We should look for good terms to use for the aforementioned “encoding the same information” concept, as well as the “predictions are internal/passive until learning is required” one.

A label that changes on every input and is not invariant under noise is perhaps not a great label.

1 Like

Definitely. Hierarchy helps with that point (once HTM gets there), as we will be representing more stable “labels” of the activity. Hopefully the illustrations in the thread that I am working on will demonstrate this point a bit easier than the walls of text that I have been posting :wink:

I like to think of the temporal memory as representing the sequence-so-far. For example, it’d represent B in ABC same as the B in ABD. It’s less confusing to just say sequence though.

To make sure we’re talking about the same thing:
Neurons take like 2 milliseconds to respond to presynaptic neurons firing, whereas it takes like a hundred milliseconds or more to recognize something, sometimes many seconds. Why does that indicate there’s prediction going on?

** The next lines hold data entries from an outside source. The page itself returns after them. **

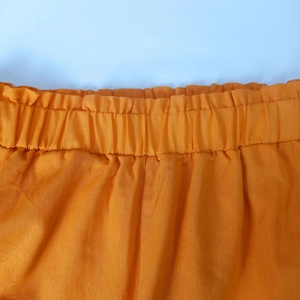 Detail view of the elastic waistband with ruffled edges on casual orange pants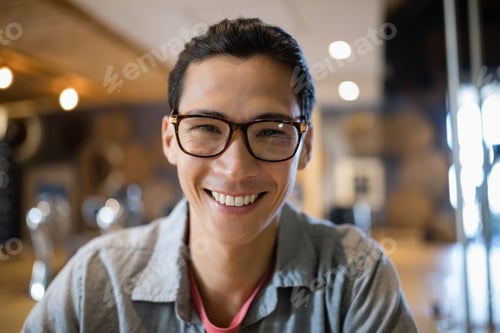 Preview: Portrait Of Smiling Man Sitting In Restaurant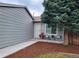 Charming home entrance with seating area and well-maintained landscaping at 17411 E Layton Dr, Aurora, CO 80015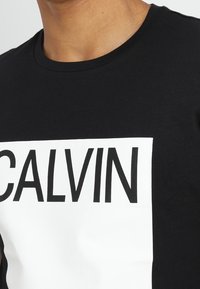 Zwarte katoenen t-shirt met een ronde halslijn, voorzien van een grote witte boxafbeelding met het woord "CALVIN" in vetgedrukte zwarte letters.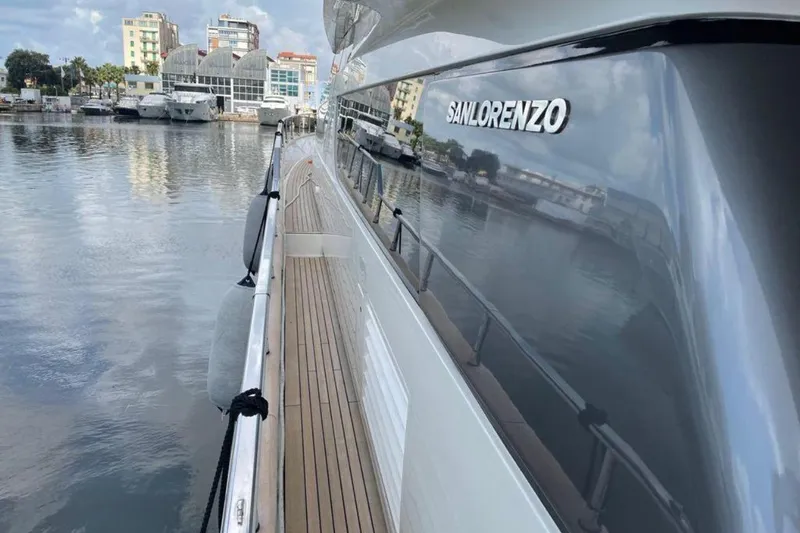  Yacht Photos Pics Sanlorenzo SL72 yacht docked, showcasing sleek design and reflective surface, 2010 model.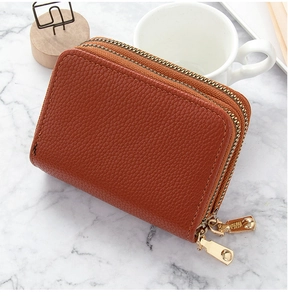 Detalle de cartera marrón con textura de lichi y cremalleras metálicas doradas dobles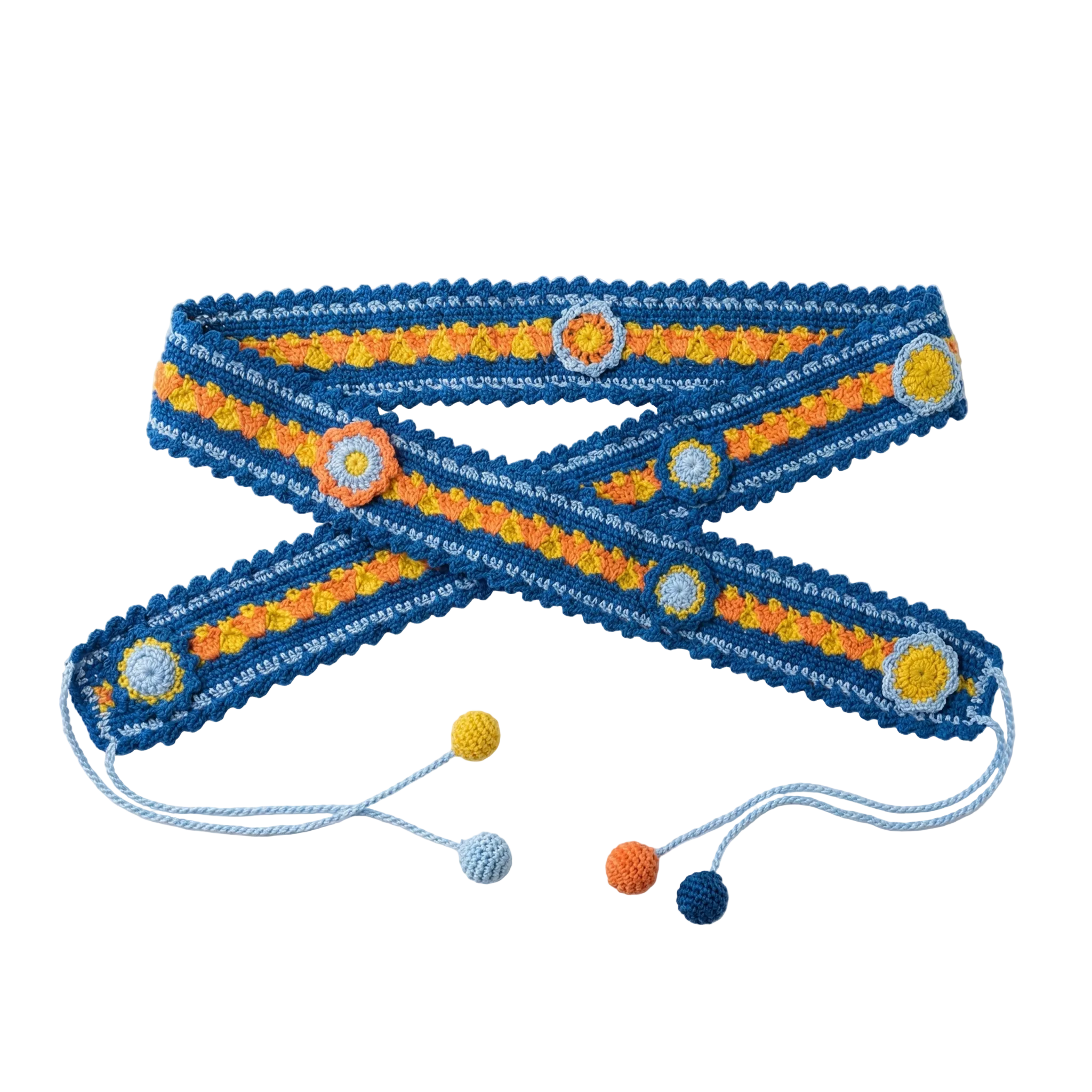 A flat lay photograph of a handmade blue crochet belt featuring orange and yellow floral motifs and light blue string ties with colorful pompoms on a white background.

Are you saying the delay comes from making predictions while viewing a static image for the 100+ ms it takes to recognize it? The delay could come from other things, like recurrence, slow receptors, and firing rate codes (10 hz would take 100 ms for 2 spikes).

Excitatory response times for quick & slower receptors

AMPA receptors trigger EPSPs peaking very quickly, whereas NMDA receptors take like 20 ms to reach their peak (https://www.sciencedirect.com/science/article/pii/S0006349599769900) and metabotropic receptors produce responses lasting hundreds of milliseconds to several seconds (The Function of Metabotropic Glutamate Receptors in Thalamus and Cortex - PMC).

I’m confused. Are you saying HTM doesn’t do predictive processing, it does, or neither? Is it just about the clarity of HTM papers? I agree predictive processing is a confusing term in the quotes you give from the locations paper. I’m trying to explain the way in which I think HTM is predictive processing (so what the paper could say to be clearer).

The paper mentions “predictive processing” twice. That’s not really a term it coins, and it doesn’t seem to mean something specific. I guess it’s more like a topic.

First, it says

Predictive sensorimotor processing also occurs in the hippocampal formation. … Another population of neurons selectively become active when an animal arrives at a location where a previously present object is missing (Tsao et al., 2013), indicating that the system is predictive.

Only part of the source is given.